L’ouvrage Féminin/masculin dans la presse du XIXe siècle dirigé par Christine Planté et Marie-Ève Thérenty est issu d’un colloque international et interdisciplinaire portant sur l’inscription des femmes et des hommes, du féminin et du masculin dans la presse du XIXe siècle, période élargie du XVIIIe siècle à l’Entre-deux-guerres en France. Découpé en cinq parties chronologico-thématiques, il se centre sur des analyses de genre enrichissant les travaux pionniers d’Évelyne Sullerot (1963) et de Laure Adler (1979)1, par une attention portée aux inflexions données aux normes de genre, aux dissonances des discours de la presse féminine/féministe ou aux positionnements des femmes journalistes relativement à la presse masculine, notamment généraliste.

Les transformations économiques, sociales et techniques font entrer le XIXe siècle « dans une nouvelle ère médiatique » (Marie-Ève Thérenty), marquée par l’essor remarquable de « la civilisation du journal »2, au sein de laquelle les organes de presse féminine/féministe comme les articles rédigés par des femmes tentent de s’implanter. Modèles et stéréotypes gênent leur accès à l’expression publique et notamment à l’écriture journalistique. La plupart des articles souligne cependant comment « la presse représente un lieu important de construction et d’évolution de la ligne de genre » (Patricia Izquierdo, p. 221).
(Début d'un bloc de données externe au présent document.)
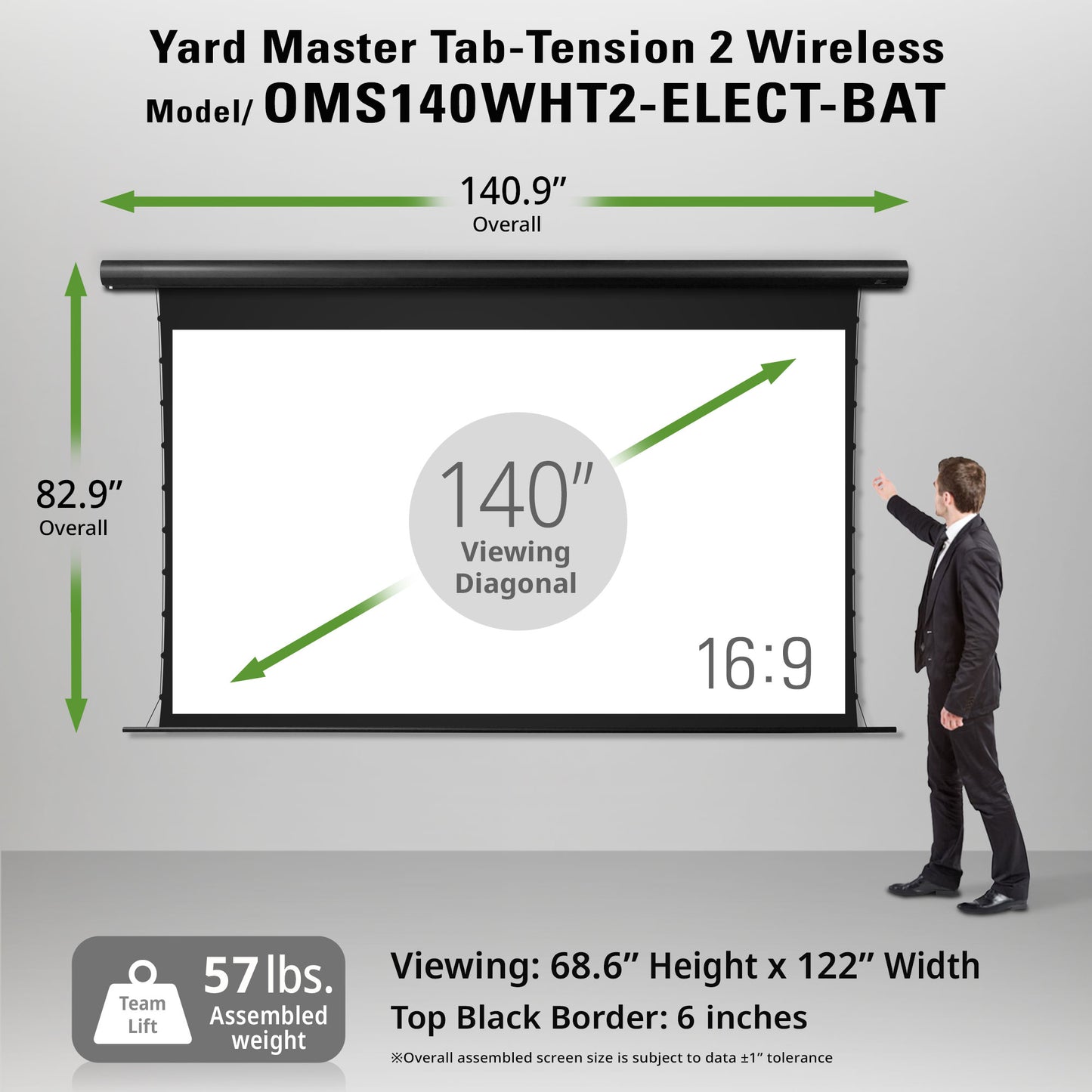 Yard Master Tab-Tension 2 Wireless projector screen with dimensions and specifications on a gray background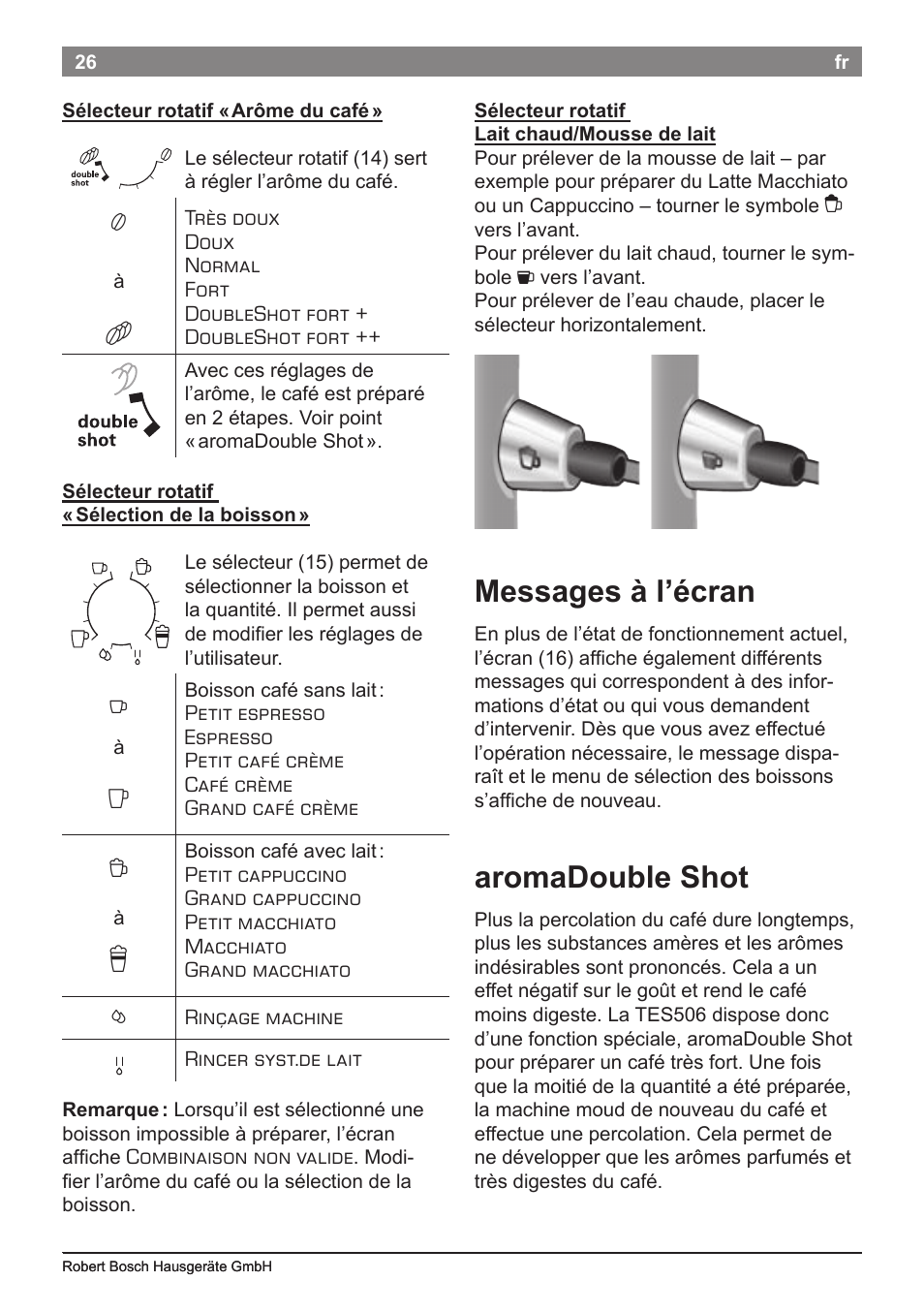 Messages à l’écran, Aromadouble shot | Bosch TES50621RW VeroCafe LattePro Machine à café Expresso automatique Titanium User Manual | Page 30 / 134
Néanmoins, dans leur introduction, les éditrices ne veulent pas clore le débat visant à déterminer si la presse « constitue l’espace d’élaboration et de constructions de ces modèles ou si elle permet surtout de rendre reconnaissables ces catégories, tendant à les imposer comme des évidences, comme des catégories de saisie du monde » (p. 23). Il apparaît pourtant que face aux discours contraints et aux représentations dominantes, beaucoup d’écrits et de postures singulières de femmes participent, par la transgression des règles, de la transformation du champ médiatique.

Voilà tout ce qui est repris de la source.